But, immune as we thought we were, the subprime crisis could be reaching us in ways we didn’t predict. As with the Internet Bubble, we’re dealing with normal humans falling for the unlimited growth mirage. But the numbers are much larger. Instead of trading high-tech high-concept stocks, tens of billions of dollars lost, the bets were made on the value of homes, trillions. Current estimates put the loans at risk above one trillion dollars with losses to exceed $500bn this year alone. This, you’ll say, impacts consumer spending, spending based on borrowing against one’s home value, the number that was supposed to climb forever. But how does it impact VC investments? Our funds have money to invest and, in contrast to previous years, we look more attractive than the Private Equity sector. We’re not leveraged (we don’t borrow money we can’t repay), we play a transparent game. Earlier this month, business writers started reporting concerns about the real value of cash. The real value of cash ? Today’s financial system works on a network of interlocking bets, sorry, contracts. See how a trader at Société Générale could buy contracts “worth” (E50bn) many times the total market value of his employer. Some of these bets are “safe”, tax-free municipal bonds come to mind. They are deemed “risk-free” because they are insured against the issuing municipality going bankrupt — it happens. But the data used for evaluating the risk, for calculating the insurance premium are obsolete. The sub-prime crisis has loaded the debt insurers to the breaking point and beyond.

Start-up companies with cash reserves need to park it somewhere safer than under a mattress. The rule is to invest the cash in “ultra-safe” instruments — muni bonds and other less well-known securities. You see where we’re going. We discover no one wants to convert these back into cash because the insurer behind the bond may or may not be solvent. I’ve seen e-mail exchanges where the bank that sold these so-called securities as a way to invest the “idle” cash reserve of a start-up now declares the cash no longer cash. And, of course, takes no responsibility for the advice, or the commission. Read the fine print. I’ll let you imagine how such e-mail propagate in our Valley. The sub-prime crisis finally managed to hit us where it hurts most — cash. — JLG

Google and Apple are robbing us!

That’s the cry of anguish heard in the executive suites of cellular carriers, poor things. Why the sorrow?
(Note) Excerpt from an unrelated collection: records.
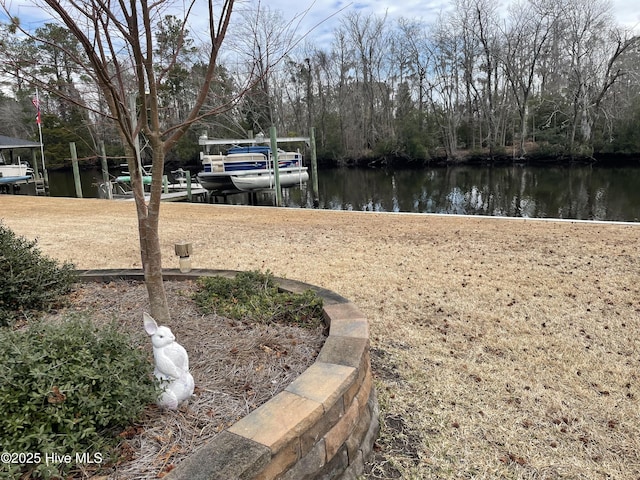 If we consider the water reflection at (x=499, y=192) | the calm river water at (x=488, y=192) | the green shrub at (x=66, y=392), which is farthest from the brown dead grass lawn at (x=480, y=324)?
the calm river water at (x=488, y=192)

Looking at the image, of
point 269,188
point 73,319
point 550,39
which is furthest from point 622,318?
point 550,39

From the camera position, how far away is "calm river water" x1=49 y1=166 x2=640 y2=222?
12055 mm

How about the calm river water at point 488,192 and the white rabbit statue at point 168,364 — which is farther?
the calm river water at point 488,192

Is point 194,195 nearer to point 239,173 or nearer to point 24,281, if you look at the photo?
point 239,173

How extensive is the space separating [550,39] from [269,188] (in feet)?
60.4

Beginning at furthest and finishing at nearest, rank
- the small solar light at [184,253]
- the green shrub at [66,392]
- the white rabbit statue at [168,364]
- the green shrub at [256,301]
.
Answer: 1. the small solar light at [184,253]
2. the green shrub at [256,301]
3. the white rabbit statue at [168,364]
4. the green shrub at [66,392]

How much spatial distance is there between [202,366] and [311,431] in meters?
0.72

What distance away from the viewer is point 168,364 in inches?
64.3

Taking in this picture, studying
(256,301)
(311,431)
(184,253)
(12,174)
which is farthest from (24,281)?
(12,174)

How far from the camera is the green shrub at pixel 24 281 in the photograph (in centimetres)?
Answer: 253

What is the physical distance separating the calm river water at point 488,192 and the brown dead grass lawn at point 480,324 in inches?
241

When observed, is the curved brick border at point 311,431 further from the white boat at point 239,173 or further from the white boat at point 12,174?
the white boat at point 12,174

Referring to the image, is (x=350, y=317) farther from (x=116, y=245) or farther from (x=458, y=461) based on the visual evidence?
(x=116, y=245)

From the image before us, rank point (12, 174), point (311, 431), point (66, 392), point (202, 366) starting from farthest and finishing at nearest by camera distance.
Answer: point (12, 174), point (202, 366), point (311, 431), point (66, 392) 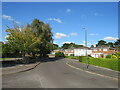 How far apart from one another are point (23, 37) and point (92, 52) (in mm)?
44455

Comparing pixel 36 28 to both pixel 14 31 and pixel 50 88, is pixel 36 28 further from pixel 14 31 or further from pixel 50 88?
pixel 50 88

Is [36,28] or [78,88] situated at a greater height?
[36,28]

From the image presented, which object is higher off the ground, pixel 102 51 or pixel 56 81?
pixel 102 51

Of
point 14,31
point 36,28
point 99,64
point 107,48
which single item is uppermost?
point 36,28

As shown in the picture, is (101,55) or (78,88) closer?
(78,88)

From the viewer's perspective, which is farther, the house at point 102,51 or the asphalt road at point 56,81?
the house at point 102,51

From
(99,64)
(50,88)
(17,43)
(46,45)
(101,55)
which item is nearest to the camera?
(50,88)

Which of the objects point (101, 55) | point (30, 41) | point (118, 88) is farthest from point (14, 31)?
point (101, 55)

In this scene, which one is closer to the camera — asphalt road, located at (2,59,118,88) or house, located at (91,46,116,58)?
asphalt road, located at (2,59,118,88)

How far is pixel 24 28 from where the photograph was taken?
28844mm

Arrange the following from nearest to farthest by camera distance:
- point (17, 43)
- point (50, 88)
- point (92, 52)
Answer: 1. point (50, 88)
2. point (17, 43)
3. point (92, 52)

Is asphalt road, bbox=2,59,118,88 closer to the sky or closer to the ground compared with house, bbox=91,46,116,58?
closer to the ground

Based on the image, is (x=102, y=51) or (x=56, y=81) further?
(x=102, y=51)

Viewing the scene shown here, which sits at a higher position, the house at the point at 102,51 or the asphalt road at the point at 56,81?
the house at the point at 102,51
Nuances removed, it boils down to this:
. ISP (Internet Service Providers) don’t sell content, they bill at a flat rate regardless of what you download, music, e-mail, video. ISP don’t decide which computer you can and cannot connect to the network.
. Cellular carriers charge a different price for voice, SMS, data; they play all sorts of games to sell content. In addition, they lose their customers in an impenetrable jungle of agreements and billing plans. Cellular carriers decide (this is much less true in Europe) which computer, pardon, phone you can connect to their network.
Yes, but why the anguish? Because Google and Apple are two reasons why the future of cell carriers is to become ISP — of the wireless kind. Flat rate, no content games, no control over devices. All this “converging”, to use a fashionable word, towards smaller profits.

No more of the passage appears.